To investigate the crystal size effects, a gigantic β-C₂S crystal consisting of 48384 atoms and 21288 sites was fully dissolved. The behavior of the dissolution process did not change.

4. Conclusions

Based on the results of this study, the following conclusions could be drawn. Initially, calcium atoms (Ca) was preferentially dissolved, with its higher probability of dissolution arising from its higher atomistic reaction rates compared to the silicates. Only after reaching Ca depletion in each layer did the dissolution of silicate monomers from the same layer take place. These results demonstrated that a layer-by-layer dissolution mechanism is responsible for the slow reactivity of belite clinker.

The introduction of crystal defects by cutting the crystal perpendicular to the Y axis, i.e., resulting in two sides with plane defects caused by cutting the edges at two crystal boundaries, increased the overall average mesoscopic forward dissolution rate. Compared to the ideal crystal (semi-infinitive due to PBCs along the Y and Z axes), the cutting of the crystal sides resulted in a spectacular increase in the total mesoscopic forward dissolution rate; the total dissolution time required to fully dissolve the crystal decreased from 1400–2400 s (PBCs along the Y and Z axes) to 3–4.2 s (PBCs along the Z axis). The crystal defects reduced the total (mesoscale) dissolution time due to the (atomistic) contribution of the silicate monomer neighbors with an almost 5000-times higher atomistic forward reaction rate when the cut boundary was introduced (i.e., with one missing silicate monomer neighbor) compared to the ideal crystal.

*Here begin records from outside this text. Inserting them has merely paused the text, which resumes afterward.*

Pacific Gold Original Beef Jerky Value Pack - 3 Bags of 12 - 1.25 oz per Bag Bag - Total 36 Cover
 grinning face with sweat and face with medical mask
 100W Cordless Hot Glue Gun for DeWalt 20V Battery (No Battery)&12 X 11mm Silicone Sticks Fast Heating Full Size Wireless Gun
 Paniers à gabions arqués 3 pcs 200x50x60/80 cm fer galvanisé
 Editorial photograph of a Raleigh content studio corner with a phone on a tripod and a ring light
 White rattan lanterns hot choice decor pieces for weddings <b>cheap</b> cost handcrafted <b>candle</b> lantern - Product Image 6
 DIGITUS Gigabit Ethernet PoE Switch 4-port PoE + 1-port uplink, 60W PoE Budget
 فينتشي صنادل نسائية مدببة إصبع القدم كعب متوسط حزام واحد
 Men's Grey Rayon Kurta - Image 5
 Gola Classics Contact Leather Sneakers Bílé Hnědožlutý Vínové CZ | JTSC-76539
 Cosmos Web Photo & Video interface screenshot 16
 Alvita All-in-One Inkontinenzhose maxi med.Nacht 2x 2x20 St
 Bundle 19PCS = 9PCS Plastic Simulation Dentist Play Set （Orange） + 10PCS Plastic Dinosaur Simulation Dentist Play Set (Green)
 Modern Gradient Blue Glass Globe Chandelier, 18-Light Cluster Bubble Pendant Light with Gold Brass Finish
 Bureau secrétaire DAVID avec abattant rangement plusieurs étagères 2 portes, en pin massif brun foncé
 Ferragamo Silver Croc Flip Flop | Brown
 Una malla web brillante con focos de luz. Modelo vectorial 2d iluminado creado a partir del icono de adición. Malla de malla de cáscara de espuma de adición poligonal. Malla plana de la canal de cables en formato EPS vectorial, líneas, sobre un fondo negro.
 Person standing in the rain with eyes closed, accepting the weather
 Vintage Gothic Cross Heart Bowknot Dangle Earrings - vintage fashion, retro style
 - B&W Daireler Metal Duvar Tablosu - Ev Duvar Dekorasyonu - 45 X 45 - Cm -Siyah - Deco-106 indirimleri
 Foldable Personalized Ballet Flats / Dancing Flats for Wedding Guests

The variability in the abovementioned dissolution times for both ideal and defective crystals resulted from the statistical nature of the KMC algorithm, captured by running 10 numerical realizations.

This paper paves the way for the upscaling of atomistic models to study the different dissolution behaviors of the individual facets of belite crystals. Although the obtained results are only a first step, in the long term they could lead to the production of more reactive belites in the manufacture of Portland cement clinker. This would allow the production of lower-energy-consumption and high-performance cements with a reduced CO₂ footprint.